そして時間は流れ、暮れの中山、有馬記念。
吉沢はどれだけスケジュールが厳しかろうと、また、所有馬が参戦していようがいまいが、有馬記念だけは必ず現地観戦していた。日本競馬に携わる者として、これを見なければ一年が終わらないのだ。
間もなく愛馬が直線へ回ってくる。レース展開はタフだった。だからこそクエスが勝つと自信を持っていた。
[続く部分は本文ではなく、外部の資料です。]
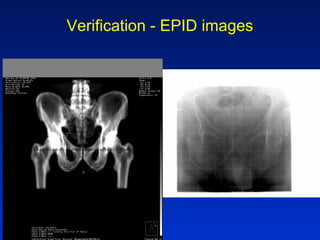 Verification - EPID images
 
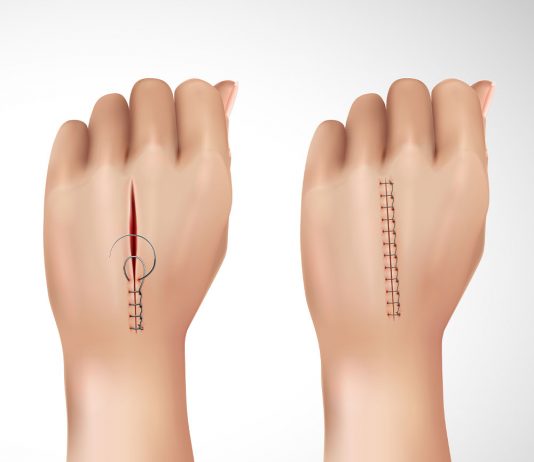 Kesi Süturasyonu Uygulaması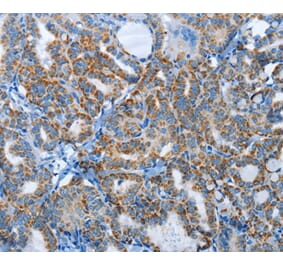 Immunohistochemistry - AGL Antibody from Signalway Antibody (37366) - Antibodies.com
思ったとおり、クエスのスピードとスタミナに他の馬は付いていけず、直線半ばで足を鈍らせていた。そうだとも。クラシックディスタンス(2400m)やそれに近い距離で勝つために――凱旋門賞を勝つために生み出された馬だ。積み上げてきた物が違う。やはり、来年もこの馬で凱旋門賞へ挑もう。それこそが一番可能性が高い。
先頭に立った。これで決まりだ。
そう、思った時だった。
俯瞰してみればスルスルと。当事者同士で目撃すれば猛烈な勢いで。内ラチ沿いを駆け上がる馬が居た。
鹿毛と見紛う程薄汚れていた馬体は輝くばかりの栗色に。
幼げで頼りない痩せた身体は、しなやかな厚みを増して。
手帳に記録を残すほど特徴的だった、額の白丸はそのままに。
(そうか)
吉沢はあの時、薄汚れた幼駒に感じた不思議な何かの正体を掴んだ。
瞳だ。
丸くて愛らしい漆黒の瞳。その奥に燃え滾るレースへの渇望。闘争心。
今、前を走る愛馬を睨みつけて走る、その瞳の闘争心。同じだ。
絶対に勝つという勝利への渇望。
クエスは負けた。頭一つ分しっかり差しきられ、完敗といえる内容で。
(この馬だ)
サタンマルッコ。この馬だ。この馬こそが!
「…………っぁぁぁあああッ! あの時買っておけばああぁぁッ!」
ぎょっとした周囲の視線も気にせず、吉沢は四半刻ほど悶え叫んだという。